Would-be mayor Paul Spooner has declared the push as ‘grasping at false hope’.
Mayor Richardson, together with members of TOOT and NRRT, have called a public meeting tonight at the Byron Community Centre to outline the proposal.
According to the launch document, ‘So many of our community place tremendous value on the rail corridor that dissects our shire. The challenges we face in creating a productive use of this crucial piece of infrastructure seem endless; not least the divergent opinions and views as to how best use this corridor. Generally, as a community, our division has matched our dedication.’
Mayor Richardson described The Byron Line as ‘a smart solution to a wicked problem.’
‘It transforms a disused transport corridor into a space that caters for various new tourism products whilst also providing for a local public transport dividend,’ he said.
The mayor explained that, ‘cycle and walkways, which are problematic to fund, are paid for by complementary commercial shuttle and transport options upon which locals can hitch a consistent and reliable ride.’
He described it as ‘an incredible opportunity to transform an unused state asset into a wonderful tourism thread that binds the shire, benefiting both visitors and locals and becoming a NSW tourism treasure.’
‘This is the chance to bring our community together, unifying and speaking with one voice to the state government [and] the only way to gain support, funding and wider partnerships,’ he said
But Cr Spooner said, ‘a publicly funded rail service is not coming back on this track. No state or federal government is proposing this to happen.’
Answering a question at a Byron Shire Meet the Candidates forum on Tuesday evening in Byron Bay, he said, ‘I don’t believe the Rail Trail is the only option for saving the corridor [either].
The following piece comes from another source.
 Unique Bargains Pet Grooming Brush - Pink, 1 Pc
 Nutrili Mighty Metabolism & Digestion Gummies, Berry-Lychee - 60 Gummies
‘The corridor is safe under an existing Act of Parliament. But we need to be sensible with this issue and realistic about our options.
‘Our community leaders in the past identified this land as a public transport route through the region. It should remain in public hands and should not be commercialised for private interests,’ he said.
He added that as both Lismore and Tweed Councils had committed to establishing a Rail Trail on their parts of the corridor, ‘this will kill any idea of a regional train service.’
Cr Spooner said that, if elected as mayor he would, ‘immediately begin discussions with the state government about the utilisation of this corridor for public transport usage in the Byron Shire – this would include road transport, bus lanes, bike paths and walking tracks.’
The Byron Line will be launched at the Cavanbah Room, upstairs of the Byron Community Centre, Byron Bay, Thursday, August 25, 6.30-9.30pm.